The Ninth Circuit first concluded that the district court did not err in granting summary judgment for the plaintiff on the issue of consent because neither a registration form nor an end-user license agreement established the plaintiff’s consent. “Nothing about the form would suggest to a reasonable consumer that, upon submitting the form, he or she had agreed to receive faxed advertisements.” Nor did the end user license agreement explicitly discuss consent for faxed advertisements.[2]
The real eye-opener came in the second half of the opinion, affirming the decertification of the class. Back in 2019, the Federal Communications Commission issued its Amerifactors declaratory ruling, concluding that the TCPA does not apply to faxes received through an online fax service (such as a fax delivered as an email). In re Amerifactors Fin. Grp., LLC Pet. For Expedited Declaratory Ruling, 34 FCC Rcd. 11950 (2019). While litigants have debated its application and force within the class action context, the defendants in McKesson notched a huge victory for defendants facing TCPA fax class actions with the Ninth Circuit holding that (1) the declaratory ruling was binding and (2) it resulted in the inability to certify a class.
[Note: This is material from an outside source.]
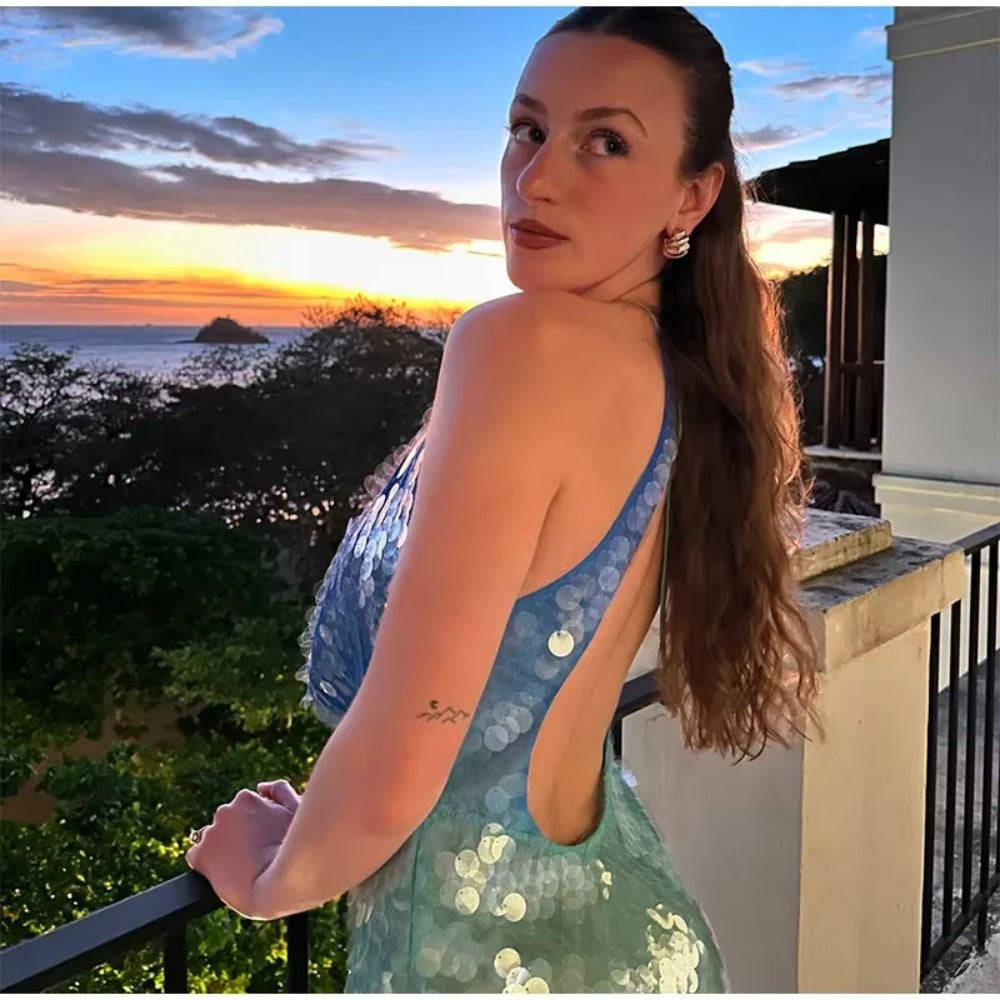 Baillie - שמלת פאייטים מבריקה וזוהרת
With respect to the binding nature of the ruling, the Ninth Circuit explained:
First, it does not matter that Amerifactors was issued by the Commission’s Consumer and Governmental Affairs Bureau, rather than the full Commission [because] Congress authorized the Commission to “delegate any of its functions” [and o]rders issued on delegated authority “have the same force and effect” as orders of the full Commission…. Amerifactors is one such order….
Second, Amerifactors is a “final order” under the Hobbs Act. Orders of the Commission are final for the purposes of the Hobbs Act “if they impose an obligation, deny a right, or fix some legal relationship….”…And the ruling fixes a legal relationship by clarifying that an online fax service is not a “telephone facsimile machine” and “thus falls outside the scope of the TCPA’s statutory prohibition.”[3]
Not only was the ruling binding, it also “applies retroactively.”[4]
Having concluded that the district court was bound by Amerifactors, the Ninth Circuit made swift work of the certification issue because the plaintiff “had no viable methodology for distinguishing class members who had received faxes on a stand-alone fax machine and those who had received them through an online fax service.”[5] Defendants facing TCPA class actions premised on faxes are wise to keep this decision in their pocket.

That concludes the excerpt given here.